For any fan of horror films, especially those who love the Hammer classics that were put out during the 60s and 70s, Amicus films are a great addition to your collection. Amicus' movies have the same feel to them that Hammer movies do, and they even feature many of the same actors that were in many Hammer films. What mostly separated Amicus from Hammer was that the stories in Amicus' films took place in contemporary times. If you do not know who this company is, then read on to learn more about these great films.
Amicus Productions was an English production company created by American producers Milton Subotsky and Max Rosenberg. They produced feature length sci-fi and horror films, but they mainly specialized in anthology horror movies that were based off of EC horror comics. One notable feature length horror film that they produced was the atmospheric City of the Dead. Many of their contributions to sci-fi are fairly forgettable, though they did produce the first big screen version of Dr. Who.
Milton Subotsky came up with the idea of having multiple stories in one movie when he saw Dead of Night many years earlier. Once Subotsky joined forces with Max Rosenberg, it was time to begin their legacy in the world of anthology horror movies. Movies such as Creepshow, and televisions shows like Tales From the Crypt may not have ever been created had it had not been for the Amicus anthology films.
Each of their anthology films contained several short stories that took place in a frame story that would set up each of the segments. The stories are strange, creepy, and, at times, funny. The one thing that is certain is that they are always a lot of fun for those enjoy weird tales. They began their series of anthology movies with Dr. Terror's House of Horrors in 1964. In this film we are blessed with two of the actors that will show up in Amicus films over and over: Christopher Lee, and Peter Cushing.
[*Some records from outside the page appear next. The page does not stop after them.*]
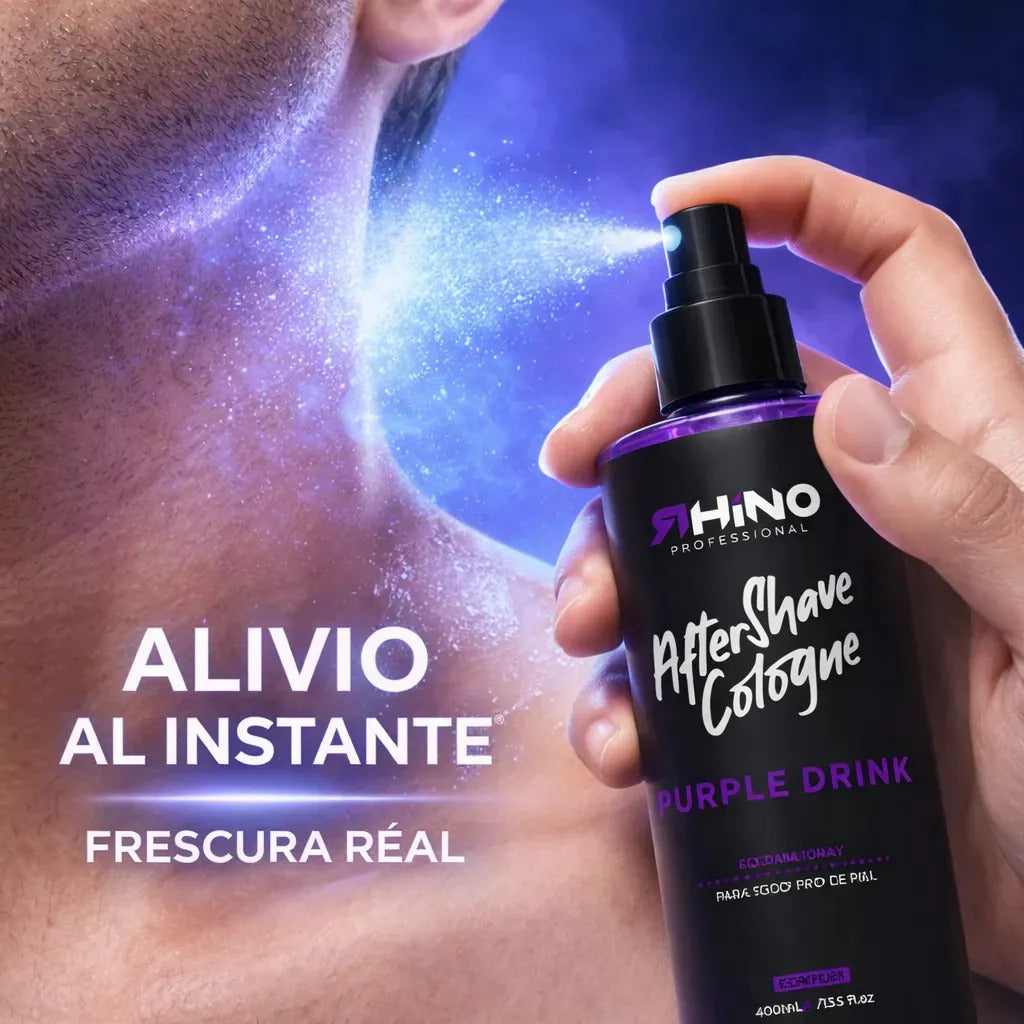 After Shave Rhino Purple Spray Hombre Calma Irritación Piel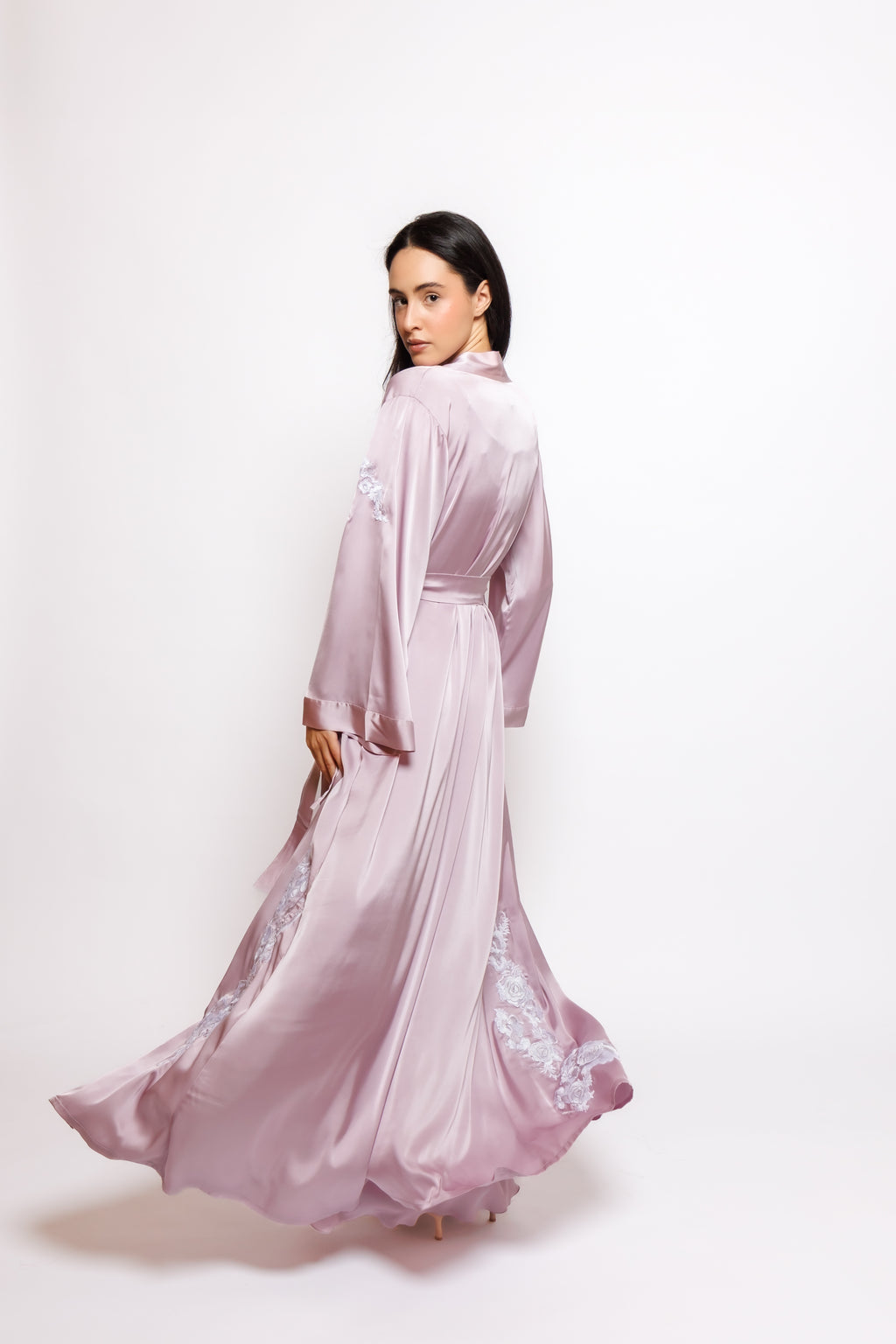 Silk Nighty and Robe 2424155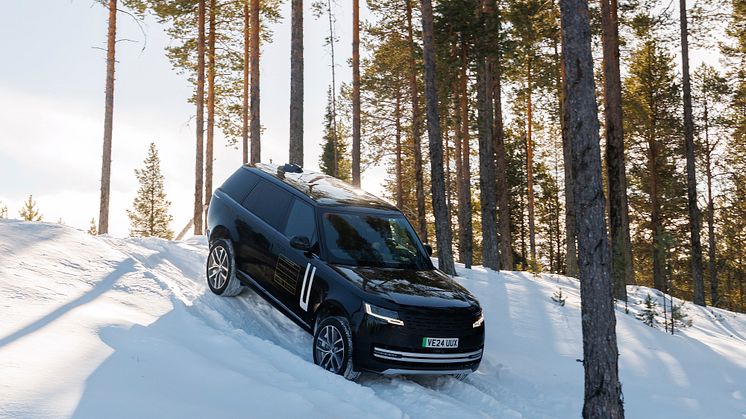 IMPONERER PÅ ISEN: RANGE ROVER ELECTRIC-PROTOTYPE UDMÆRKER SIG I DEN SENESTE VINTERTEST OG UDVIKLINGSFASE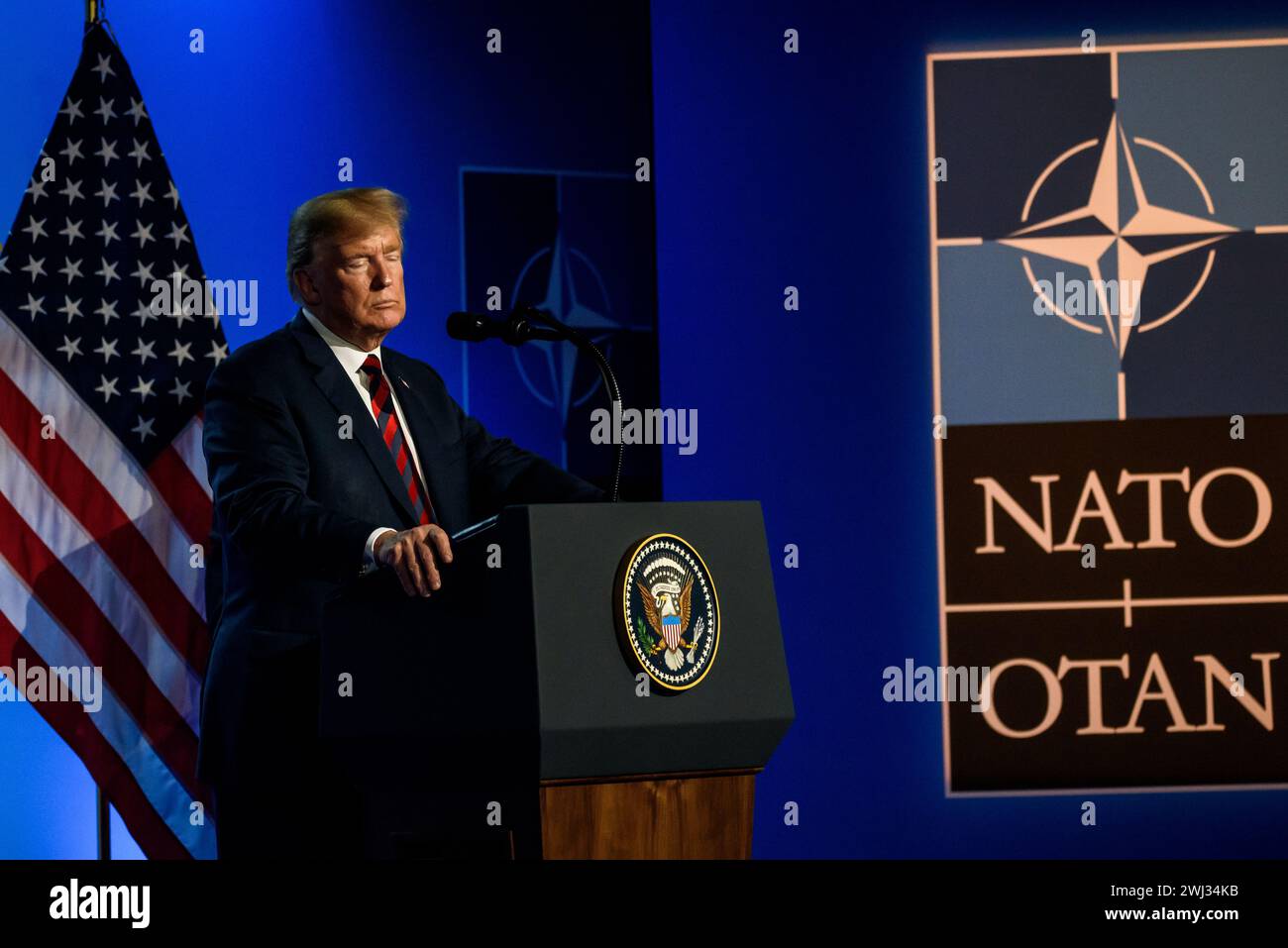 BRUSSELS, BELGIUM. 12th July 2018. Donald Trump, President of United ...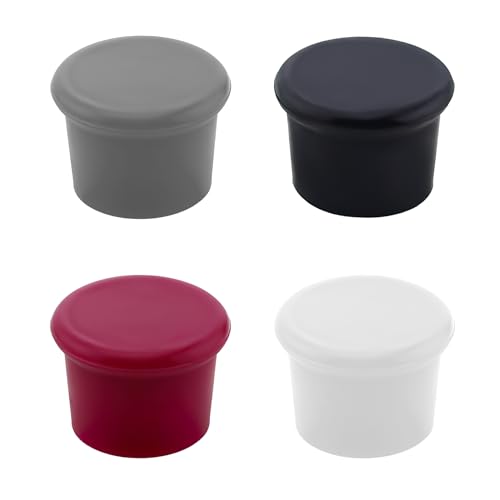 Tapones para Botellas de Silicona,Juego de 4 Tapones Reutilizables para Vino, Cava y Cerveza - Tapón de Botella de Cristal de Calidad Alimentaria Sellando Frescura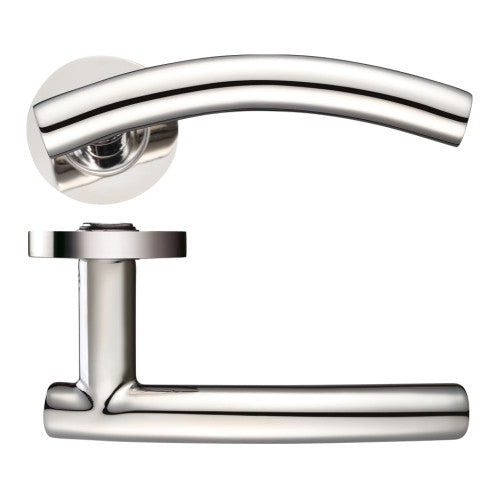 ZOO Arched T-Lever - Push on Rose - ZCS120PS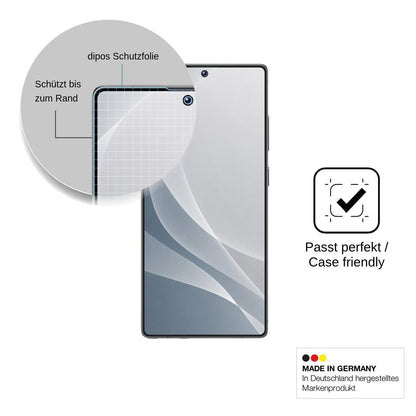 2x Screen Protector for Maustron G26 Ultra matte Flexible Glass 9H dipos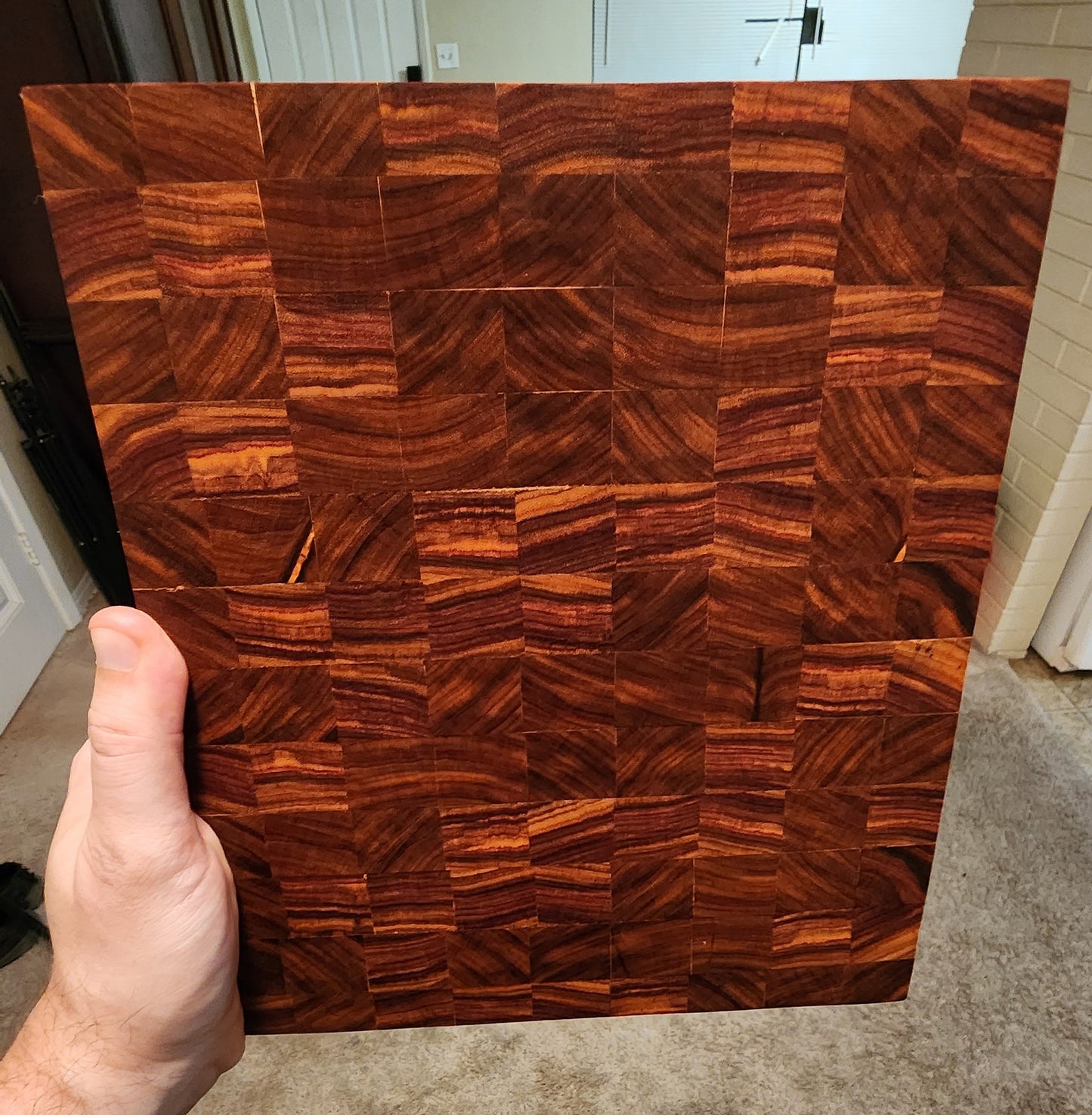 Canarywood End Grain Butcher Block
In total, Amicus produced 7 anthology horror movies. After Dr. Terror's House of Horrors came Torture Garden, The House That Dripped Blood, Tales From the Crypt, Asylum, From Beyond the Grave, and Vault of Horror. As to be expected, some were better than others, but they all have entertainment value. Personally, my favorite of the series is The House that Dripped Blood because all of the stories are strong, the acting is good, and it does a good job of mixing some comedy into some of the stories.
After the anthology series was completed, Amicus produced a couple of feature length horror films, and a few sci-fi movies. At the Earth's Core was an interesting addition to their catalog, though it's definitely not for everybody. They released their final film, The People That Time Forgot, in 1977, though Subotsky and Rosenberg would go on to produce respective projects. As far as I can tell, 1980's The Monster Club is not an Amicus production because Subotsky produced it by himself. It does, however, follow the same formula as the earlier films.
Luckily for those of us who enjoy the films of British horror studios such as Hammer and Amicus, there has been a rise in interest, as well as the availability of these films. You can find many Amicus films on DVD online. The Amicus anthology films are by far the most popular, and are especially easy to find. Check them out if you want to see some classic British horror movies.